Print the entries exactly as they appear, and omit any images.

----

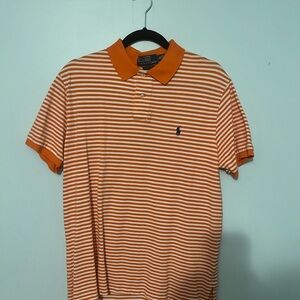 Polo by Ralph Lauren Orange Striped Men's Shirt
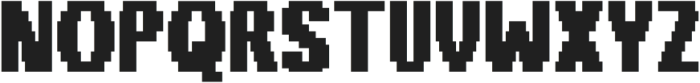 Overbit-Regular otf (400) Font UPPERCASE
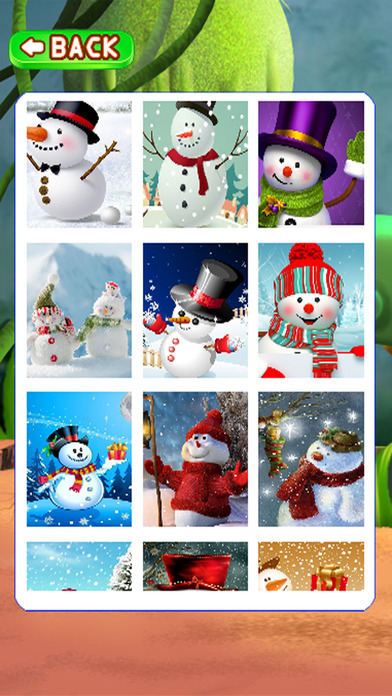 Snowman Jigsaw Puzzles Games Education screenshot 2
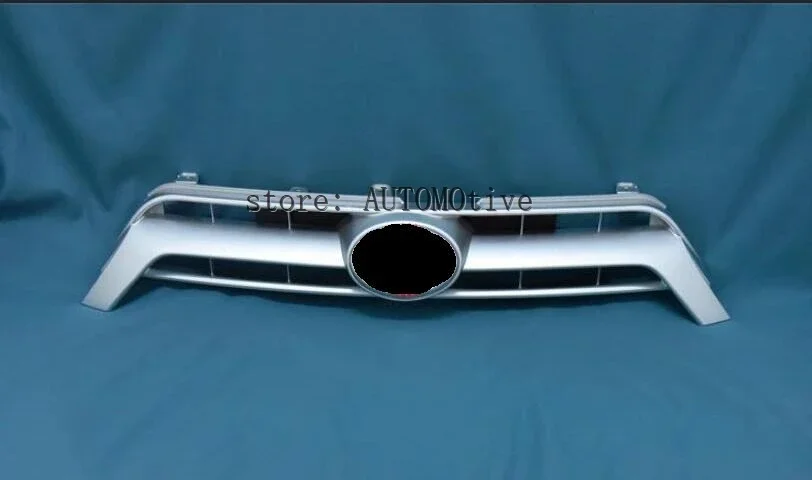 ABS Chrome Front Grille Around Raised Racing Grills Cover for Toyota Vios/Yaris 2013 2014 2015 2016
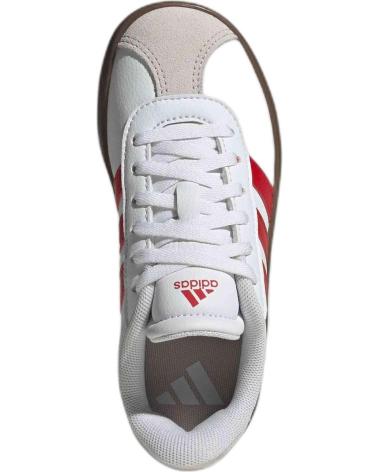 SCARPE ADIDAS VL COURT 3.0 IH3484 BIANCHE CON STRISCE ROSSE FTWWHT-BETSCA-GREONE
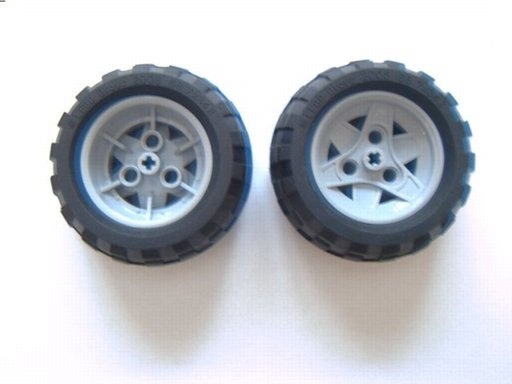 41896c03 | Wheel 43.2mm D. x 26mm Technic Racing Small, 3 Pin Holes with Black Tire 68.7 x 34 R | LEGOPART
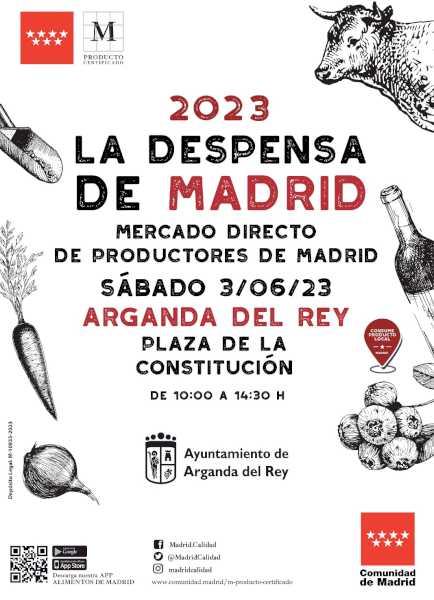 Arganda – „La Despensa de Madrid” se va întoarce la Arganda del Rey sâmbătă, 3 iunie |  Primăria Arganda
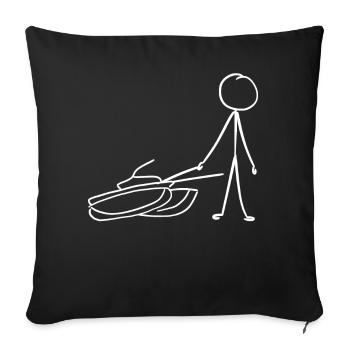 Tank Combat Tanks MBT Tank Driver - Sofa pillowcase 17,3'' x 17,3'' (45 x 45 cm) - black - Front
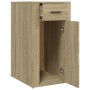 Mobile Scrivania Rovere Sonoma 40x49x75 cm Legno Multistrato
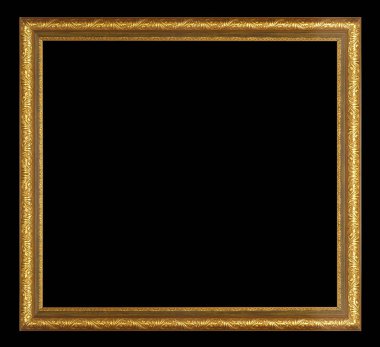 izole antika altın çerçeve 
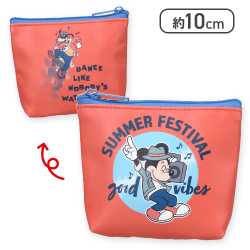 【オレンジ】ミッキー&フレンズ ミニポーチ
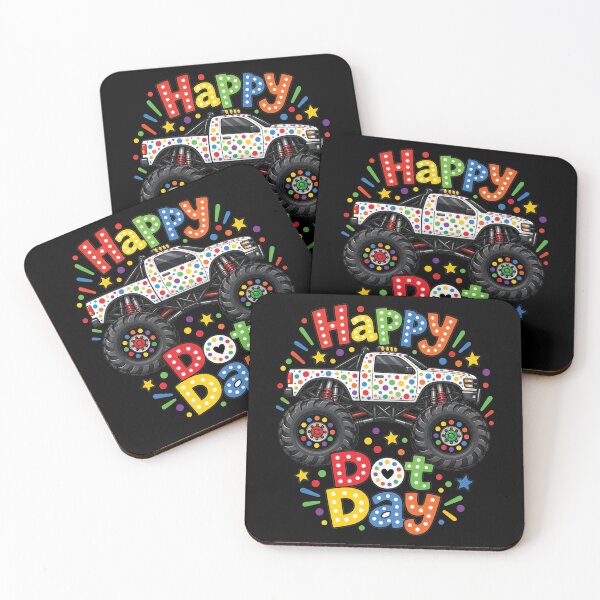 Item preview, Happy Dot Day, Monster Truck Polka Dot designed and sold by KodiakMillyy.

----

:: Exercise result ::
 Polo by Ralph Lauren Orange Striped Men's Shirt
 Overbit-Regular otf (400) Font UPPERCASE
 Snowman Jigsaw Puzzles Games Education screenshot 2
 ABS Chrome Front Grille Around Raised Racing Grills Cover for Toyota Vios/Yaris 2013 2014 2015 2016
 SCARPE ADIDAS VL COURT 3.0 IH3484 BIANCHE CON STRISCE ROSSE FTWWHT-BETSCA-GREONE
 41896c03 | Wheel 43.2mm D. x 26mm Technic Racing Small, 3 Pin Holes with Black Tire 68.7 x 34 R | LEGOPART
 Arganda – „La Despensa de Madrid” se va întoarce la Arganda del Rey sâmbătă, 3 iunie |  Primăria Arganda
 Tank Combat Tanks MBT Tank Driver - Sofa pillowcase 17,3'' x 17,3'' (45 x 45 cm) - black - Front
 Mobile Scrivania Rovere Sonoma 40x49x75 cm Legno Multistrato
 izole antika altın çerçeve 
 【オレンジ】ミッキー&フレンズ ミニポーチ
 Item preview, Happy Dot Day, Monster Truck Polka Dot designed and sold by KodiakMillyy.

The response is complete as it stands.